Again the definition is a little less than specific.  With base-related 
sequences, there are usually two types of bases to consider, calculation 
bases and expression bases.

Calculation bases are numerical bases used to compute the sequence.  For 
example, A000040 (the prime numbers) are base-independent (no particular 
base representation is required to compute them), so A000040 has no 
calculation base.  For example, A023416 is the number of zeroes in the 
binary representation of n, is computed from the binary representation of n, 
so it has 2 as a calculation base.  A008560, in which each element is 
interpreted in ternary and converted to binary, has calculation bases 2 and 
3.

The idea that a particular sequence "uses" or "requires" a particular 
calculation base is an ill-defined concept.  For example, if A023416 is 
defined as the number of zeroes in the binary representation of n, changing 
"binary" to "ternary" changes the sequence.   On the other hand, using the 
alternative definition a(1) = 0; a(2n) = a(n)+1; a(2n+1) = a(n), the 
sequence values are independent of whether the calculation is done in binary 
of ternary.  Any definition that uses a particular base can be recast into 
one that does not, so it's often a question of whether the sequence is best 
defined in terms of base representations.  For example, it is easy to 
described the RATS sequence (A004000) in terms of base 10 numerals, whereas 
a base-independent definition would be a bear to construct.
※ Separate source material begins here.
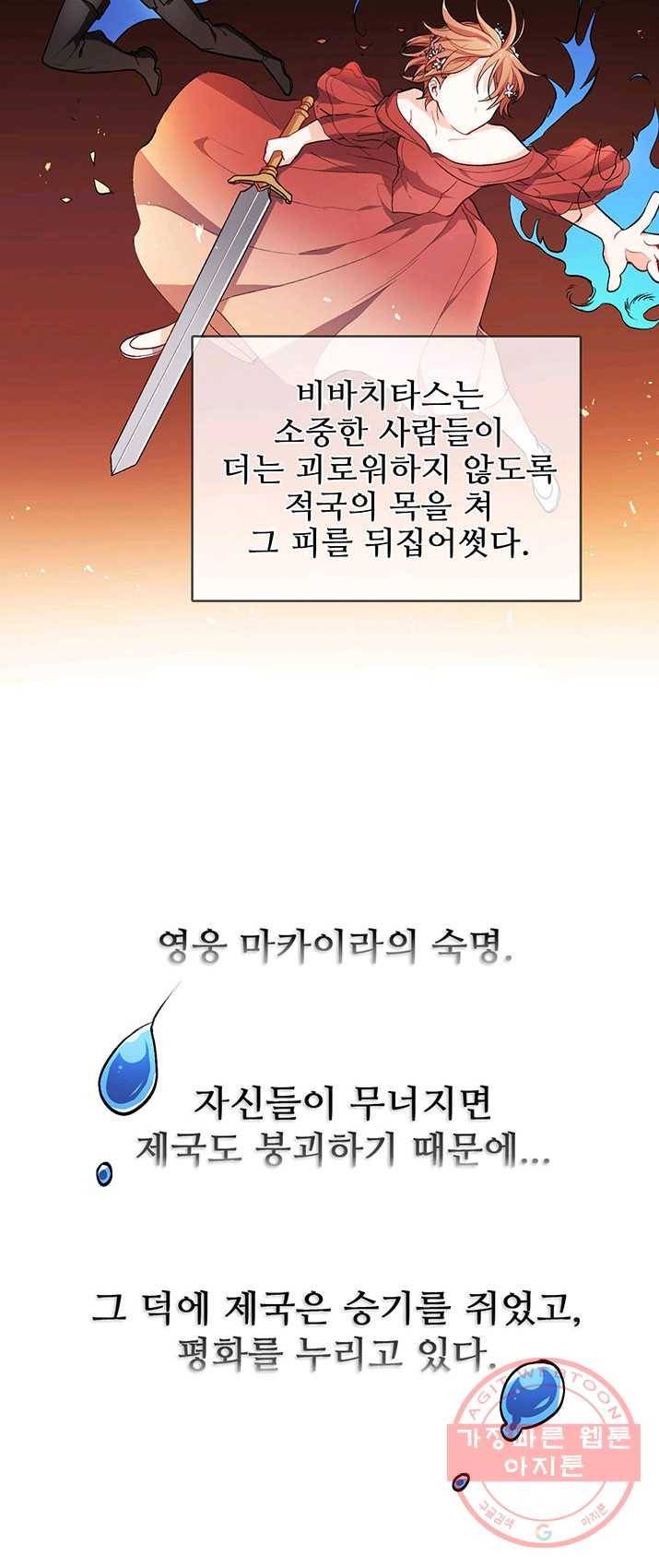 한 줄짜리 영애였을 터 74화 6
Expression bases are bases used to express values in the sequence.  The 
expression base for A00040 is 10, as is the expression base for A023416. 
A008560 appears to have expression base 3.  A095425 (10 expressed in various 
bases) has several expression bases.

I am thinking that Sloane's original vision of the OEIS was as a database of 
integer sequences, and that representational issues would be avoided by 
sticking with standard base 10 decimal representation for all elements. 
Sequences such as A008560 and A095425, whose elements are not properly 
interpreted as base 10 numerals, are actually abuses of the OEIS format.

My working definition of the "base" keyword is "the sequence has a natural 
definition that involves at least one calculation base", in other words, at 
least one natural definition such that if the base were changed in that 
definition, the sequence would change.

Again, I am sure there are lots of infractions to this, or any, 
interpretation of "base".

----- Original Message ----- 
From: "Ralf Stephan" <ralf at ark.in-berlin.de>
To: "seqfan" <seqfan at ext.jussieu.fr>
Sent: Monday, June 13, 2005 8:56 AM
Subject: cofr keyword usage


> Regarding
>
> %I A042599
> %S A042599 1,1,4,9,31,40,2271,2311,9204,20719,71361,92080,5227841,
> %N A042599 Denominators of continued fraction convergents to sqrt(828).
> %K A042599 nonn,cofr,easy
>
> isn't cofr used in the case const. = 1/(a(0)+1/(a(1)+1/.... only?
>
> If so, there might be more mislabeled cofrs.
> If not, then more could be labeled as such.
>
>
> ralf
>